Religionspädagogik, Katechetik

Autor/Hrsg.:

Schirmer, Helmut

Titel/Untertitel:

Volksschullehrer zwischen Kreuz und Hakenkreuz. Der Untergang des evangelischen Religionsunterrichts an den Volksschulen in Oldenburg während des Nationalsozialismus

Verlag:

Oldenburg: Isensee Verlag 1995. VIII, 336 S.1 Kte gr.8 = Oldenburger Studien, 35. Kart. DM 28,-. ISBN 3-89598-270-9.

Rezensent:

Folkert Rickers

Die in den letzten Jahren häufiger begegnende Pointierung in Buchtiteln "(zwischen) Kreuz und Hakenkreuz" weist auf eine neue Forschungskonstellation der Kirchlichen Zeitgeschichte hin. Mit ihr wird zum Ausdruck gebracht, daß es nicht länger hinzunehmen ist, wenn Ereignisse, Personen und Personengruppen in der Zeit des Dritten Reiches vornehmlich nach ihren kirchlichen Beziehungen untersucht werden, wie es in der Kirchenkampfforschung in der bloßen Gegenüberstellung von Bekennender Kirche und Deutschen Christen jahrzehntelang üblich war. Denn dadurch können die politischen Implikationen (und Belastungen) kirchlicher Arbeit leicht aus dem Blick geraten. Die Kirchliche Zeitgeschichte stellt sich mehr und mehr der Tatsache, daß auch bei dogmatisch korrekt denkenden Christen die Zustimmung zum Nationalsozialismus und die Bereitschaft zur Mitarbeit erheblich größer waren, als bisher durch die Forschung bewußt gemacht worden ist.

Diesem allgemeinen Trend ist auch die Oldenburger Dissertation H. Schirmers von 1994 verpflichtet. Allerdings wird dieses Interesse methodologisch leider nicht weiter reflektiert, wie überhaupt auf methodologische Überlegungen ganz verzichtet wird. Die Stärke der Arbeit liegt denn auch mehr in der Entdeckung der Quellen, in ihrer präzisen Auswertung und in der materialreichen wie detailgenauen Darstellung der Vorgänge um den evangelischen Religionsunterricht in dem ehemaligen kleinen Freistaat Oldenburg (Oldb).
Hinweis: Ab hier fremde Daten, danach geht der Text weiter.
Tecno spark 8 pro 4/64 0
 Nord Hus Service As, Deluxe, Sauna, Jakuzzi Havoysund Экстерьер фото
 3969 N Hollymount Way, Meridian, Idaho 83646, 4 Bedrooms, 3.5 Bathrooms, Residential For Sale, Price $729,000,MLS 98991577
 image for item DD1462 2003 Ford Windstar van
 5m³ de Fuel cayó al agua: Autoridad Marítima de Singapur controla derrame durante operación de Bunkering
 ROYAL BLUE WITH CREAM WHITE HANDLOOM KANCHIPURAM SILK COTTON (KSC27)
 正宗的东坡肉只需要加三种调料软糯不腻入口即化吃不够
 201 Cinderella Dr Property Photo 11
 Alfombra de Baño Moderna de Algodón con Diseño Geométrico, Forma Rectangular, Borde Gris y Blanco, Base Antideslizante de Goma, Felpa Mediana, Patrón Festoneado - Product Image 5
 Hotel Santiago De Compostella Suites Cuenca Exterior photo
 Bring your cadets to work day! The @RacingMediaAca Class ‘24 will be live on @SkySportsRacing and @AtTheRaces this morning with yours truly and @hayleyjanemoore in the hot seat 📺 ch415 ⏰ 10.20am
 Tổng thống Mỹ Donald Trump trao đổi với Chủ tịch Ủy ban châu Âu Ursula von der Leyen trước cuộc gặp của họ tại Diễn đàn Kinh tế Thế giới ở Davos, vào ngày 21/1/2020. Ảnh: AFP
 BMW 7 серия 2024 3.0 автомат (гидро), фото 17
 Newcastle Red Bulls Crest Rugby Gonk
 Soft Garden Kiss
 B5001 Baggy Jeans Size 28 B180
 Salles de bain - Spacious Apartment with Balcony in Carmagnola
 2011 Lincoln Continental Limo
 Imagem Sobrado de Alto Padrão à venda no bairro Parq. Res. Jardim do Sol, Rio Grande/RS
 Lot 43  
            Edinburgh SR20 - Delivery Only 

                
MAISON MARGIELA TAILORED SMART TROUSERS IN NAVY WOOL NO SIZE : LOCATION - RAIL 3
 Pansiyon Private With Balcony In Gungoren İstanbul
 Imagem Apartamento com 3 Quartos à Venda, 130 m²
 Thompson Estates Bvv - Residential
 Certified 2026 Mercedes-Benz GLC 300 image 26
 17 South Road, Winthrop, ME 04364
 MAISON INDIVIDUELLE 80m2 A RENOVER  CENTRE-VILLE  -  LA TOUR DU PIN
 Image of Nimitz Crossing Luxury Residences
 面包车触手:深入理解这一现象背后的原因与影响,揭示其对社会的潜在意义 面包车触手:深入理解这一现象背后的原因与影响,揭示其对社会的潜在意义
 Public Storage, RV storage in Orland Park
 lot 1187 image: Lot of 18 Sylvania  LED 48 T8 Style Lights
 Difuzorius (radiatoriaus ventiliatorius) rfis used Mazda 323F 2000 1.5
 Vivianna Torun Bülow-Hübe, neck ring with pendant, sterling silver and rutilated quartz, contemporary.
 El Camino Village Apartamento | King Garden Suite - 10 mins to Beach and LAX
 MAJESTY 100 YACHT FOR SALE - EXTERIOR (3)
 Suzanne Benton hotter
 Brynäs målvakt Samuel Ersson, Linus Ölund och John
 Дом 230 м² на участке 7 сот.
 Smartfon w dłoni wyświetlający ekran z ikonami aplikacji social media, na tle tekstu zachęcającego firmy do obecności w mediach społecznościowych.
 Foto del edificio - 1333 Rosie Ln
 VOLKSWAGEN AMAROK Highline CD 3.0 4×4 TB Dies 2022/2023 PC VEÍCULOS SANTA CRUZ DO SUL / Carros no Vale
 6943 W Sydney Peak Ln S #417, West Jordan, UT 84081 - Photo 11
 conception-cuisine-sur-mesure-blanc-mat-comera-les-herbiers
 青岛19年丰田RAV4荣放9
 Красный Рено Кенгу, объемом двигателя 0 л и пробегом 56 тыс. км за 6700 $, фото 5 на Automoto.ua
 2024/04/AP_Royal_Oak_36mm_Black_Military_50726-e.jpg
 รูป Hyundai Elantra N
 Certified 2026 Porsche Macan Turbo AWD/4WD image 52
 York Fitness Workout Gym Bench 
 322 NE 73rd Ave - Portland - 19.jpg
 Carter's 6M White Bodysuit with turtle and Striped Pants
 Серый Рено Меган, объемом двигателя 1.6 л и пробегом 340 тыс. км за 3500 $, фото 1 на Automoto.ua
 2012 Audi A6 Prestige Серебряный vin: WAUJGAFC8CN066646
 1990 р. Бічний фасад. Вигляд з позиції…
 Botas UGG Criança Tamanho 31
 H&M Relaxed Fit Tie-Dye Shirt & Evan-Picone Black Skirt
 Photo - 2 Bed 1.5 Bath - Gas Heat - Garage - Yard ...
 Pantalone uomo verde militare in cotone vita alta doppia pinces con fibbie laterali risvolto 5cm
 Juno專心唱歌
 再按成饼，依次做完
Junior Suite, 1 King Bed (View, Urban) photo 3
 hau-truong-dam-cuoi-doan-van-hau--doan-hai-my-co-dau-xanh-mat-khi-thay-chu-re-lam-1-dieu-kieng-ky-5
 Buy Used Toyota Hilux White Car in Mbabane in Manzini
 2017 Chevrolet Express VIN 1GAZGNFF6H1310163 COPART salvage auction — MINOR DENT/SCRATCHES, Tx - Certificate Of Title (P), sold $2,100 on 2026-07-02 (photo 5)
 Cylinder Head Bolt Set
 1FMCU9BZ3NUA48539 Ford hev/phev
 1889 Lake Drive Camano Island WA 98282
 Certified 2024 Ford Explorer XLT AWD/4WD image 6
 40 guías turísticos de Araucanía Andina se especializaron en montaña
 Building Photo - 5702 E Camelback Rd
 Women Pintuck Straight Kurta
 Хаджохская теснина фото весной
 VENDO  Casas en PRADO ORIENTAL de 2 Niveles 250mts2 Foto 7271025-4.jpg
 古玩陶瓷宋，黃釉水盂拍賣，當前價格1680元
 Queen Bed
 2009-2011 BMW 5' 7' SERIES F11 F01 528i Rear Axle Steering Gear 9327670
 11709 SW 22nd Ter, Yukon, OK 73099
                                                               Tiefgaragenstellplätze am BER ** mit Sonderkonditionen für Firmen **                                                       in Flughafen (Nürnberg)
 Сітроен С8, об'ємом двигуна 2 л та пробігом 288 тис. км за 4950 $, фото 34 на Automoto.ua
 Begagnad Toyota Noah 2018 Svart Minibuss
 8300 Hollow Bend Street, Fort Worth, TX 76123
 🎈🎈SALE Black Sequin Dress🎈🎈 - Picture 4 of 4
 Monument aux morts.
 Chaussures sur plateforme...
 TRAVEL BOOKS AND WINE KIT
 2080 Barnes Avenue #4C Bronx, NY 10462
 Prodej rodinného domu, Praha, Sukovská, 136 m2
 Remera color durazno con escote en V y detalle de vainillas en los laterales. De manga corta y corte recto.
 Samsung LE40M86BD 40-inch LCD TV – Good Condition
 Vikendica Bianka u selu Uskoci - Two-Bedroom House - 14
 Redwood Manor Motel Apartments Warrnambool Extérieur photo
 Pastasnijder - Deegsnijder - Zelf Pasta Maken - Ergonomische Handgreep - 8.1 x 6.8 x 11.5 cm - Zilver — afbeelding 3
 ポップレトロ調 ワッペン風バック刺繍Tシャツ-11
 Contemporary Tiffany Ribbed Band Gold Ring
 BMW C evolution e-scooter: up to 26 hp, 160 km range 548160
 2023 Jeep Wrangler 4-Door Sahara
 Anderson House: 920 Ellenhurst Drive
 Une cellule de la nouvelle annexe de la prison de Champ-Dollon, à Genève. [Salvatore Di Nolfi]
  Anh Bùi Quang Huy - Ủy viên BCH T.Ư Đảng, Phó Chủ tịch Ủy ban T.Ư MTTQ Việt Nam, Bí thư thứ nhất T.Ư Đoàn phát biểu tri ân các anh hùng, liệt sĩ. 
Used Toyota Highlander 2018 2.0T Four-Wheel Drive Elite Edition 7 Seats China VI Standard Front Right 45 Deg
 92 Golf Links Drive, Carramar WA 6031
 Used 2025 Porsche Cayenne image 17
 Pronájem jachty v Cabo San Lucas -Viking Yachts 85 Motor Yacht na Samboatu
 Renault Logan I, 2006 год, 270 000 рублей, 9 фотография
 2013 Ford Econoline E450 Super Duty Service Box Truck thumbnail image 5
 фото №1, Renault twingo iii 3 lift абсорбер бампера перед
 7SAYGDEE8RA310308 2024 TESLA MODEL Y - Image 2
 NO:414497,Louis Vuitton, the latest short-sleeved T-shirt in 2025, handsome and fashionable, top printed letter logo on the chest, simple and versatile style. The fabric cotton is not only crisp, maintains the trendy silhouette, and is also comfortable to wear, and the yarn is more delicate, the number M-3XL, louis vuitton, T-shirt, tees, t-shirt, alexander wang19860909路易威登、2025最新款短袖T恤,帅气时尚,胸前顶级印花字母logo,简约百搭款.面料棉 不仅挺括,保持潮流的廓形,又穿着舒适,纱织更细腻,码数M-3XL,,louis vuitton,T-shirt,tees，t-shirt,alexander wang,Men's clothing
Der Autor geht dabei der allgemeinen These nach, daß durch die Religions- bzw. Entkonfessionalisierungspolitik der nationalsozialistischen Regierungen in den Ländern des Deutschen Reiches der konfessionelle Religionsunterricht bis auf milieubedingte Ausnahmen (z. B. Oldenburger Münsterland) sehr bald zum Erliegen kam (vgl. J. Conway, Die nationalsozialistische Kirchenpolitik, 1969, 194-211). In ihr realisierten sie auf dem Gebiet der Erziehung eine Politik, die auf die Ausschaltung aller Religion, hauptsächlich natürlich der christlichen, aus dem öffentlichen Leben abzielte, weil das Christentum mit dem Totalitätsanspruch des Nationalsozialismus rivalisierte. Während Sch. diesen reichsweiten religionspolitischen Aspekt allerdings eher peripher berücksichtigt, arbeitet er um so eindringlicher heraus, wie in Oldenburg das Zusammenspiel zwischen Minister Pauly, Ministerialrat Heering und den Nazi-Schulräten funktionierte.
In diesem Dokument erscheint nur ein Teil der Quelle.